Welcome to another HiQuiPs post! This is the first in a series of posts highlighting Choosing Wisely, an international movement that addresses unnecessary tests and treatments, which has spurred many local, national, and international QI initiatives.
In our last post, we discussed variation in the efficiency of medical processes and how this can be attributed to random or non-random (special cause) variation. Variation can be seen throughout different processes in the ED. For example:
- Patient transfer from the ED to the imaging department
- Environmental Services’ turn-around time for patient rooms
- Nursing staff’s utilization of equipment for blood draws
In this context, we can examine variation in the provision of care, including how the ordering of diagnostic tests and therapeutic interventions varies between individual physicians.

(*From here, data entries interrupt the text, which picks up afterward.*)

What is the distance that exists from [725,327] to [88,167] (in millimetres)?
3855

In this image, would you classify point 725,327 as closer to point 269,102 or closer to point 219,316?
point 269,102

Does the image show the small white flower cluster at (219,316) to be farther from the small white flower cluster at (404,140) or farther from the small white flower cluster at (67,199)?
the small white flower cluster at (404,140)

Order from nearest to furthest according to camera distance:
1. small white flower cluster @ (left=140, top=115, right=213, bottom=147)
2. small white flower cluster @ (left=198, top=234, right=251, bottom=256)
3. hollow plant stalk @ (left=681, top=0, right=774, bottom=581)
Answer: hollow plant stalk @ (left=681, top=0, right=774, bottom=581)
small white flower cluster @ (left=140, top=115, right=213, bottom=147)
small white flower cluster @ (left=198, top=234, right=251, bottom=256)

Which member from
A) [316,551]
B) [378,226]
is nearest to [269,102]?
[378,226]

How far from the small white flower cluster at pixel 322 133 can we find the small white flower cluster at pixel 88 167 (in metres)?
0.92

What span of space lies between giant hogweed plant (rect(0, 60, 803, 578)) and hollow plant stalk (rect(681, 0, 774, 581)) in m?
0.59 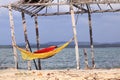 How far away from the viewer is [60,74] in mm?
17812

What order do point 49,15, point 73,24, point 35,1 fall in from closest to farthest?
point 73,24 < point 35,1 < point 49,15

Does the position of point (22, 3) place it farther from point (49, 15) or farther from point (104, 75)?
point (104, 75)

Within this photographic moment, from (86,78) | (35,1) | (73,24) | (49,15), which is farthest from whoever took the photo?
(49,15)

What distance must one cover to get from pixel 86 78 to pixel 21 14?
7.45m

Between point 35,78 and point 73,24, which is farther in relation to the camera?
point 73,24

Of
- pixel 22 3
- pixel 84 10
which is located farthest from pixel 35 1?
pixel 84 10

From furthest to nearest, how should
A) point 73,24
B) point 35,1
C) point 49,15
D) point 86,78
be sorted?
point 49,15
point 35,1
point 73,24
point 86,78

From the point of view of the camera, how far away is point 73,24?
803 inches

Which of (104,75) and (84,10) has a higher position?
(84,10)

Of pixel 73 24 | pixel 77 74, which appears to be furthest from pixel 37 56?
pixel 77 74

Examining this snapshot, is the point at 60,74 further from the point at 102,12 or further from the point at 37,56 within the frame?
the point at 102,12

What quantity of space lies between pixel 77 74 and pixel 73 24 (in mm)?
3279

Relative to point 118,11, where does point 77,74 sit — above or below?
below

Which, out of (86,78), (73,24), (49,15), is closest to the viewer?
(86,78) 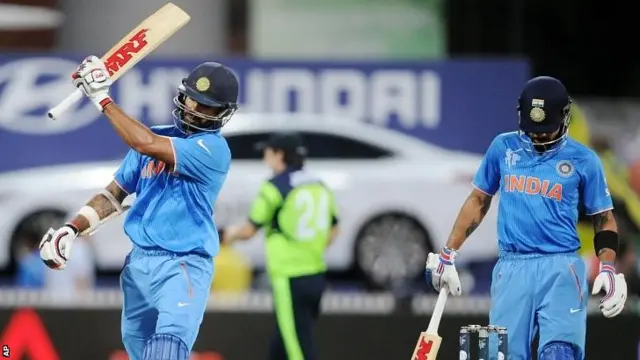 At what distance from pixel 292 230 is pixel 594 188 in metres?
3.31

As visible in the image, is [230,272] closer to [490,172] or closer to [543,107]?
[490,172]

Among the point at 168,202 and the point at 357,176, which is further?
the point at 357,176

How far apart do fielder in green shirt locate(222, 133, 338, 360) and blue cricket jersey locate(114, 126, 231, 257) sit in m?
3.07

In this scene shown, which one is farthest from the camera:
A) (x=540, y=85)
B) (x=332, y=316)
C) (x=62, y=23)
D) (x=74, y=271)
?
(x=62, y=23)

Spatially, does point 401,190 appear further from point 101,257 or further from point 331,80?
point 101,257

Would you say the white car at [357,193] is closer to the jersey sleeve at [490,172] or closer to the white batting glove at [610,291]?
the jersey sleeve at [490,172]

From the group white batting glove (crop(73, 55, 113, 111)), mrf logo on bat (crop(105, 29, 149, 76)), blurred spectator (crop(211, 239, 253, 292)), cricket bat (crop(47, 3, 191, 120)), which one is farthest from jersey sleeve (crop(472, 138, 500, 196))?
blurred spectator (crop(211, 239, 253, 292))

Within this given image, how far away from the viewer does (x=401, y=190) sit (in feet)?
51.3

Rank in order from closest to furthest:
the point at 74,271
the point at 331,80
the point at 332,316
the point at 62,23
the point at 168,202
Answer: the point at 168,202 → the point at 332,316 → the point at 74,271 → the point at 331,80 → the point at 62,23

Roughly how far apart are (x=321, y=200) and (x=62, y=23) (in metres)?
7.64

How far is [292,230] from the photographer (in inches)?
420

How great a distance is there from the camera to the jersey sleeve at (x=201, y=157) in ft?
23.7

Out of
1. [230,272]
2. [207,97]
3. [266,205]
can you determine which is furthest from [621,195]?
[207,97]

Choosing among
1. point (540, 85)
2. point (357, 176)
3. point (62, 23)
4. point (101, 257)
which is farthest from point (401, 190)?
point (540, 85) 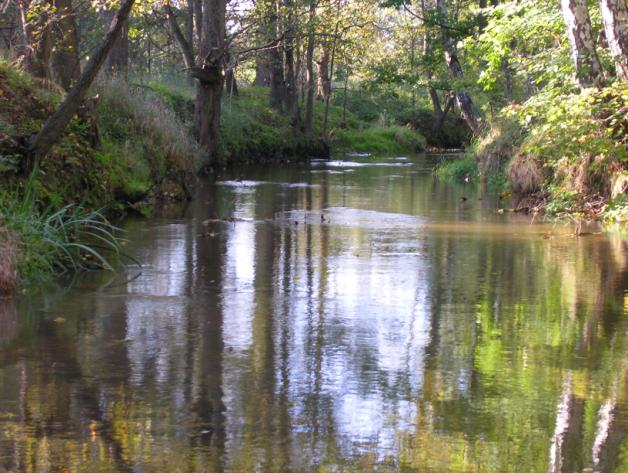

Imagine an audit was conducted in an ED and it was discovered that Dr. X orders CT scans on 10% of minor head injury patients, while Dr. Y orders CT scans on 90% of minor head injury patients. Assuming each sees a similar population of patients, one might question whether Dr. X is missing important diagnoses, or whether Dr. Y is exposing patients to unnecessary radiation, wasting precious resources, and disrupting ED flow.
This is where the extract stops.